KGFW
- Kearney, Nebraska, US; United States;
- Broadcast area: Grand Island-Kearney
- Frequency: 1340 kHz
- Branding: 1340 KGFW

Programming
- Format: News Talk
- Affiliations: Fox News Radio Compass Media Networks Premiere Networks Westwood One

Ownership
- Owner: Usher Media Group; (Usher Media, LLC);
- Sister stations: KQKY, KRNY, KSYZ. KROR

History
- First air date: June 1927

Technical information
- Licensing authority: FCC
- Facility ID: 9933
- Class: C
- Power: 1,000 watts
- Transmitter coordinates: 40°40′5.00″N 99°4′52.00″W﻿ / ﻿40.6680556°N 99.0811111°W
- Translator: 96.1 K241CN (Kearney)

Links
- Public license information: Public file; LMS;
- Webcast: Listen live
- Website: kgfw.com

= KGFW =

KGFW (1340 AM) is an American radio station broadcasting a News Talk Information format.

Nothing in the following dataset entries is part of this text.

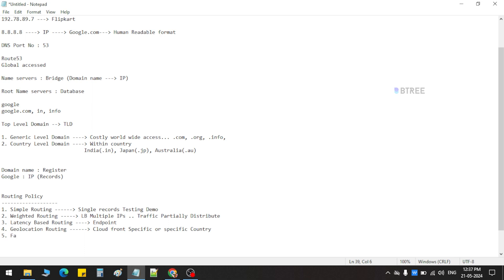Failover routing. In failover routing, we can register two domain names automatically. We call the domain name in a specific region. Then — failover routing. That's how we call it.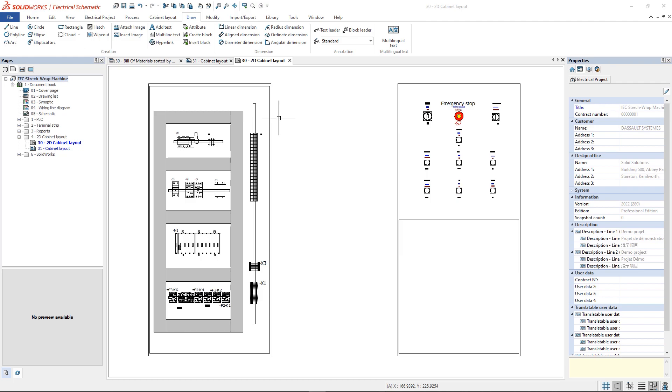In SOLIDWORKS Electrical Ribbon Menu, one of the most common tabs is the Draw tab. In this video, we will have an overview of the commands.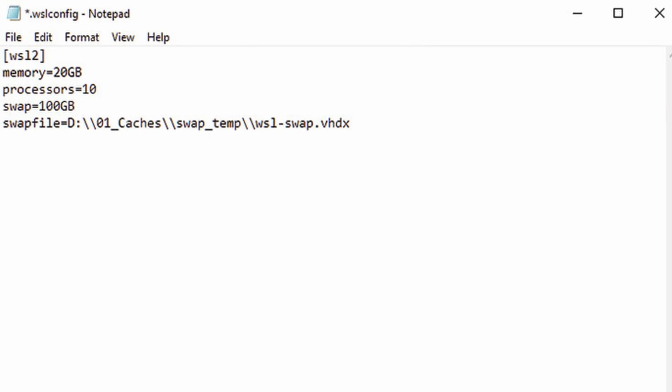Then open the WSL config file and set how much memory and swap you want to allocate. Once you've set up the file, run the WebODM process again.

Licensed to Kearney, Nebraska, United States, the station serves the Grand Island-Kearney area. The station is owned by Usher Media Group and features programming from Fox News Radio, Compass Media Networks, Premiere Networks and Westwood One. KGFW is a sister station to KQKY and KRNY.

==History==
The station was founded in Ravenna, Nebraska, in June 1927 by Roy McConnell, a former radio technician in the United States Navy. The station moved to Kearney in 1931. In 1939, the station was purchased by Lloyd "Skipper" Thomas, a Nebraska native who had managed major radio stations including Pittsburgh's KDKA and Boston's WBZ.

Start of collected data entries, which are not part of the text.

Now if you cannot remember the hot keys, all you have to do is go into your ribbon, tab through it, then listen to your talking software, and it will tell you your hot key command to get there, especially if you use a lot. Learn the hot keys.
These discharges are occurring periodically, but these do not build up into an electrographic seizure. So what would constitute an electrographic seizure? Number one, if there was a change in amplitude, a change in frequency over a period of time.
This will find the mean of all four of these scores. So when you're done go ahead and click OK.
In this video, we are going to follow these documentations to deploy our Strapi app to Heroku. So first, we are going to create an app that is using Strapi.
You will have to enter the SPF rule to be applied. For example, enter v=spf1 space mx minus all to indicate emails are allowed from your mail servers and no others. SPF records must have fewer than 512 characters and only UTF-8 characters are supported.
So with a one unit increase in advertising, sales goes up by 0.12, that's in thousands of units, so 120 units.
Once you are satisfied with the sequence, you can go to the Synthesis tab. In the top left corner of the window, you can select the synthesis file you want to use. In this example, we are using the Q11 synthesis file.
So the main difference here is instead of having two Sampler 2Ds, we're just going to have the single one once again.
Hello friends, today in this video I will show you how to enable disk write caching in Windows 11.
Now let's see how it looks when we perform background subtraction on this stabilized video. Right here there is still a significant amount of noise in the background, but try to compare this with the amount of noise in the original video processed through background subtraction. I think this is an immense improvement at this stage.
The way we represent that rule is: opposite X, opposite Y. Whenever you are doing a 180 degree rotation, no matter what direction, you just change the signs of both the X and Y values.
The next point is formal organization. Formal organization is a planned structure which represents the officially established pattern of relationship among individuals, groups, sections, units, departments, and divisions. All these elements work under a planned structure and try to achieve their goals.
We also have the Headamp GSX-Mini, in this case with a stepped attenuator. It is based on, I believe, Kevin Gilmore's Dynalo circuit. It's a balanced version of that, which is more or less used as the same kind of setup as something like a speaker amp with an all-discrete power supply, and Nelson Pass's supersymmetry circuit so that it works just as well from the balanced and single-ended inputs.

After Thomas' death in 1952, the station was purchased by John Mitchell, a lawyer who had worked as a part-time announcer at the station.

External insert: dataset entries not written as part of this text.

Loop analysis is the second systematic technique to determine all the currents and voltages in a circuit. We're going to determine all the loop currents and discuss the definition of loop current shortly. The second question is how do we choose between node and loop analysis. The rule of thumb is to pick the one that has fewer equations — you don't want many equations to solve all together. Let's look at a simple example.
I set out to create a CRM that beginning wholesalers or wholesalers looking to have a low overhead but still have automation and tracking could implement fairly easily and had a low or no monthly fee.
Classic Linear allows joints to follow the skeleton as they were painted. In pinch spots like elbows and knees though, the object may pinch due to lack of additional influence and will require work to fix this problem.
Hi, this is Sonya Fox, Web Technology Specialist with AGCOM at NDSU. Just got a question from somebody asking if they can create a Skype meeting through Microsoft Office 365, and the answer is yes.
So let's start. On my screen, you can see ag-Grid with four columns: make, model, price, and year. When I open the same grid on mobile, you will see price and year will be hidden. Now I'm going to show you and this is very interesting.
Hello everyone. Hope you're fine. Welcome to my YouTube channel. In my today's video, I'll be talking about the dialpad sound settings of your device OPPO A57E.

Mitchell's stations were purchased by Waitt Radio in 2000. Waitt Radio merged with NewRadio Group in 2005 to form NRG Media.

On November 26, 2025, Usher Media announced it would acquire NRG Media's Kearney-Grand Island cluster, which includes KGFW, for $3.75 million. The sale was consummated on April 8, 2026.